_WHAT YOU WILL DO_:
Would you please reproduce all the entries exactly, leaving the pictures out?
BEGIN SOURCE INFORMATION
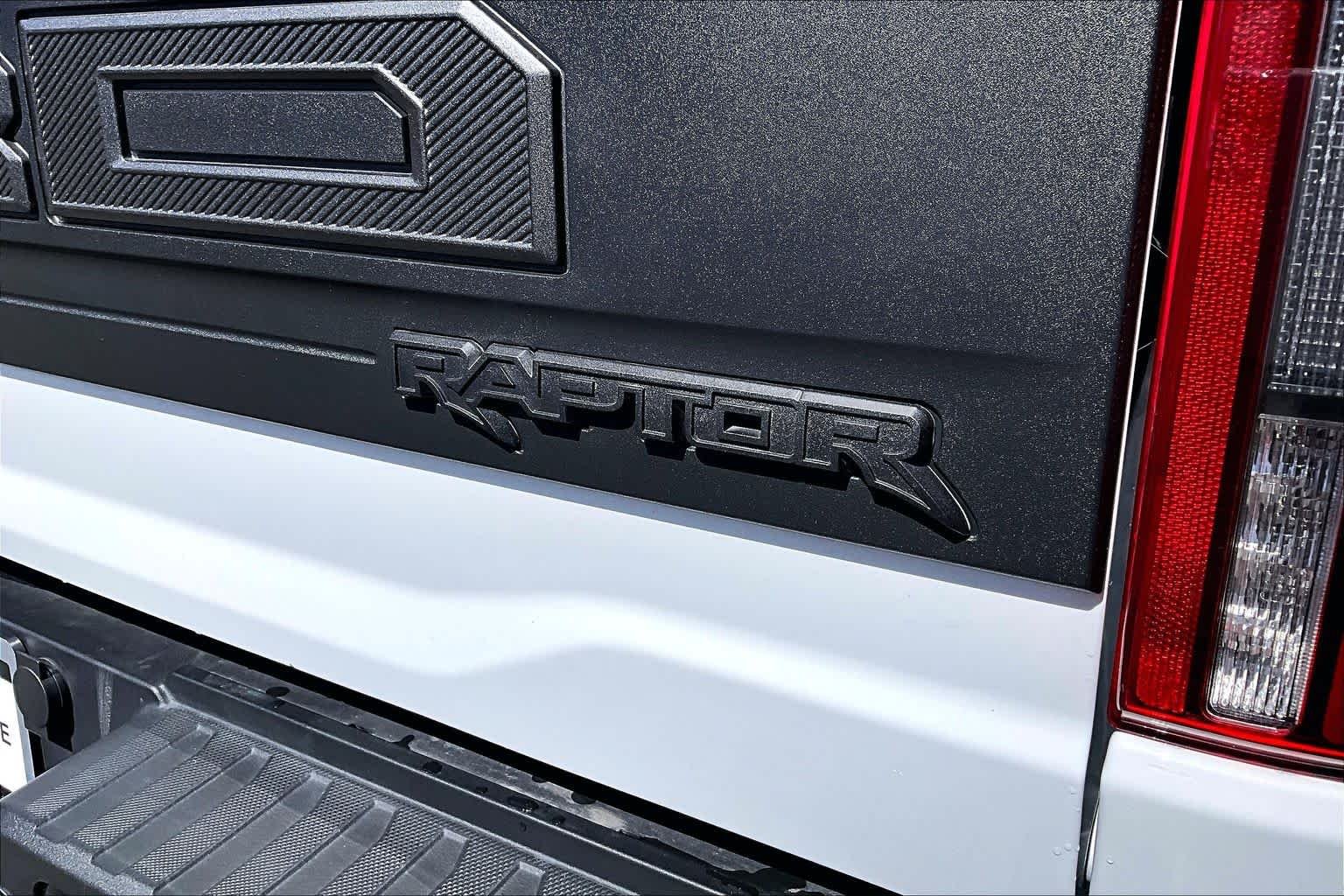 Used 2025 Oxford White Ford Raptor image 9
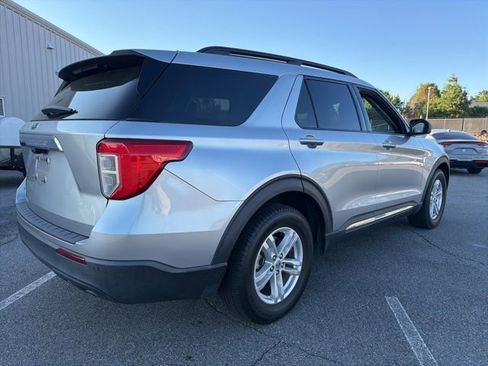 Used 2020 Ford Explorer XLT RWD image 3
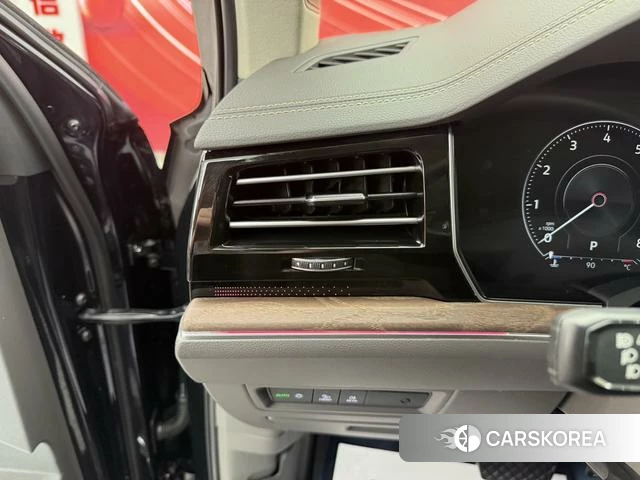 Volkswagen Touareg id 4329156 из Китая 20
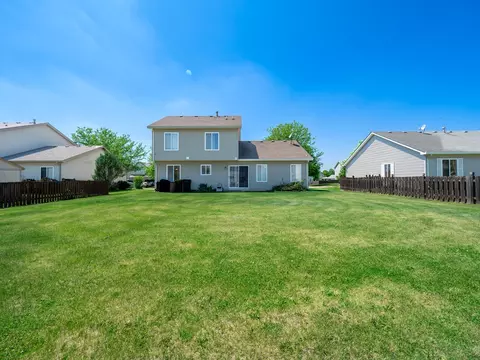 Exterior - 628 Osbron St, Plano, IL 60545 photo 3 of 4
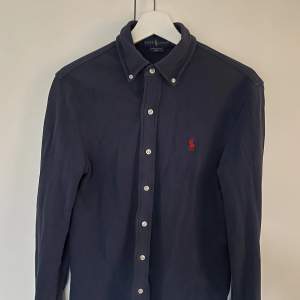 Mörkblå skjorta från Ralph Lauren i strl S (slim fit).  Nypris ca 1 199kr.  Finns på Östermalm i Stockholm. Kan postas mot förskottsbetalning. 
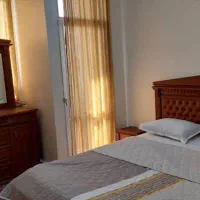 سویت دوخوابه قلب شهر|اجارهٔ کوتاه‌مدت آپارتمان و سوئیت|رشت, منظریه|دیوار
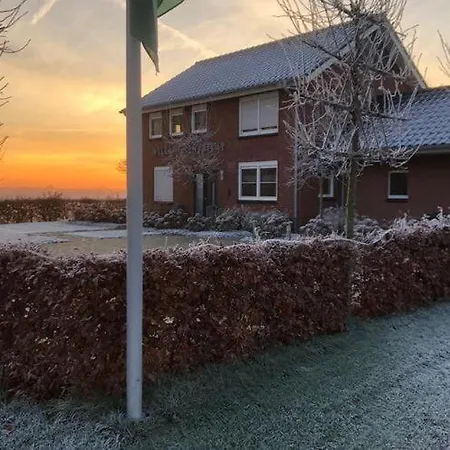 Tranquil Group Retreat In Nature *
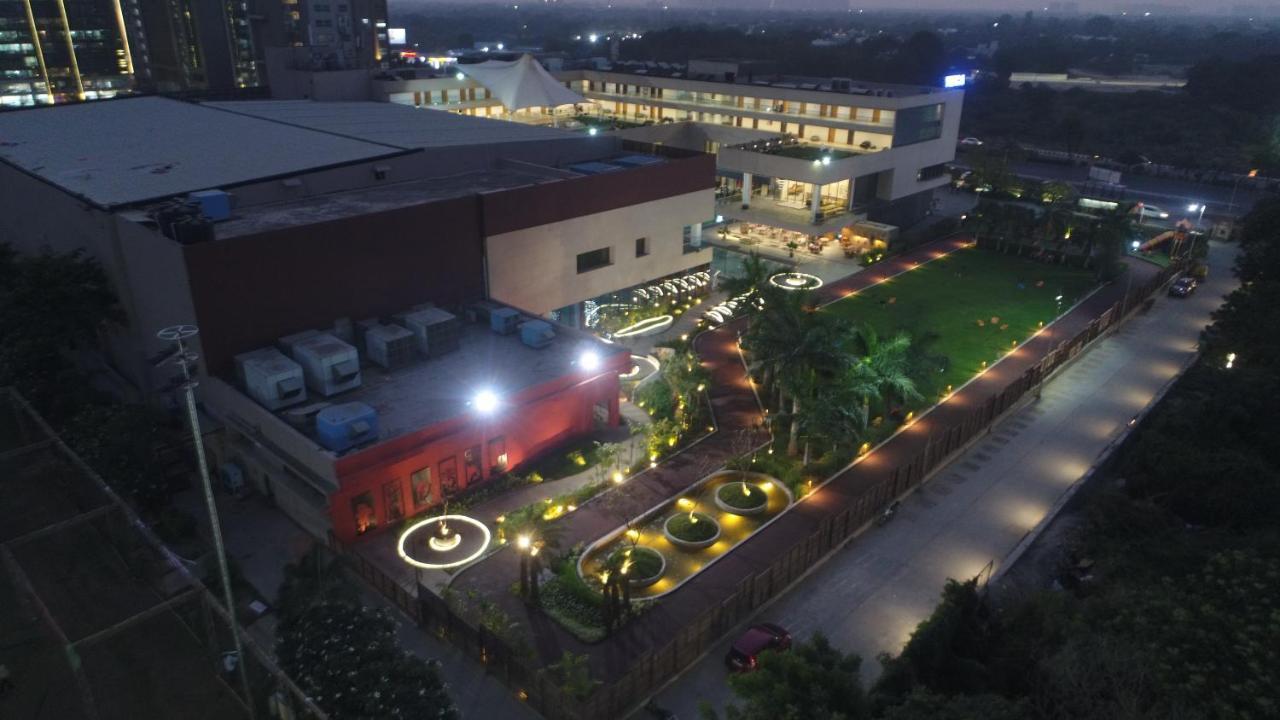 Hotel Ymca International Centre 3*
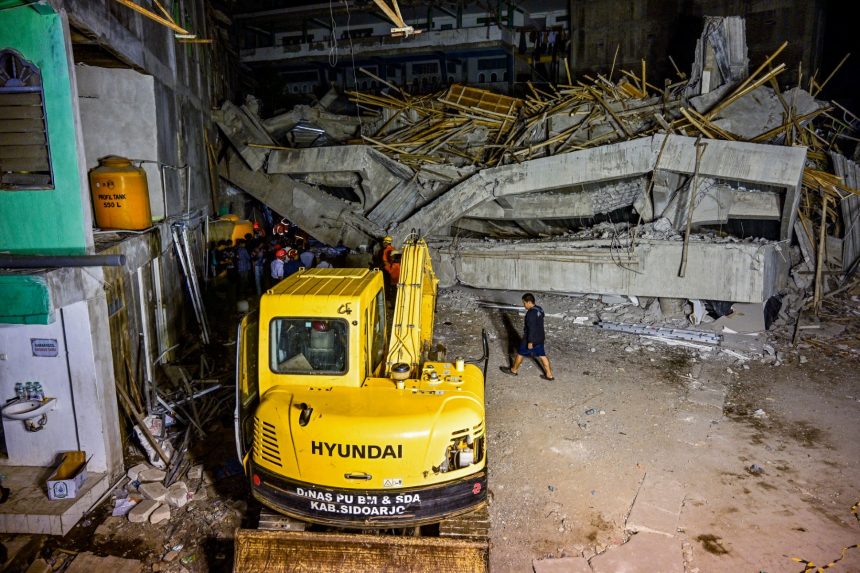 إندونيسيا.. قرابة 100 طالب تحت أنقاض مدرسة انهارت عليهم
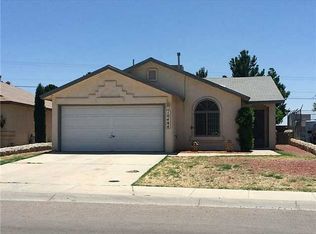 10484 Valle Del Mar Dr, Socorro, TX 79927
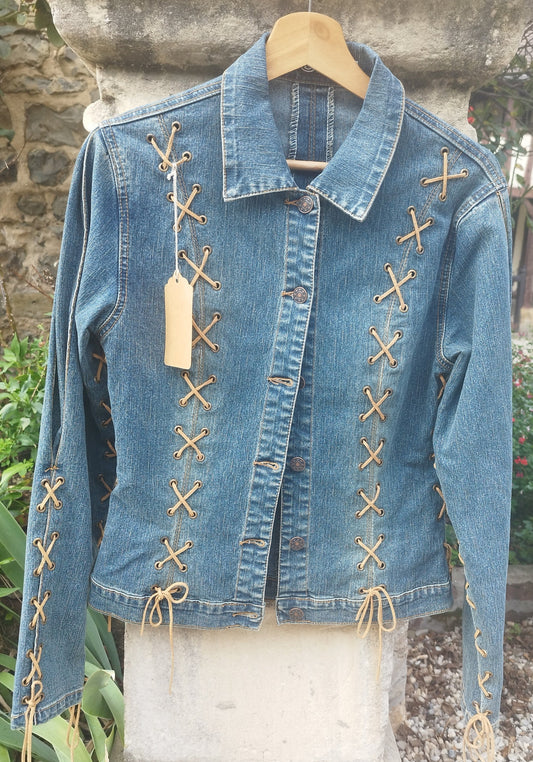 Veste en jean avec lacets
END SOURCE INFORMATION
_TASK ANSWER_:
 Used 2025 Oxford White Ford Raptor image 9
 Used 2020 Ford Explorer XLT RWD image 3
 Volkswagen Touareg id 4329156 из Китая 20
 Exterior - 628 Osbron St, Plano, IL 60545 photo 3 of 4
 Mörkblå skjorta från Ralph Lauren i strl S (slim fit).  Nypris ca 1 199kr.  Finns på Östermalm i Stockholm. Kan postas mot förskottsbetalning. 
 سویت دوخوابه قلب شهر|اجارهٔ کوتاه‌مدت آپارتمان و سوئیت|رشت, منظریه|دیوار
 Tranquil Group Retreat In Nature *
 Hotel Ymca International Centre 3*
 إندونيسيا.. قرابة 100 طالب تحت أنقاض مدرسة انهارت عليهم
 10484 Valle Del Mar Dr, Socorro, TX 79927
 Veste en jean avec lacets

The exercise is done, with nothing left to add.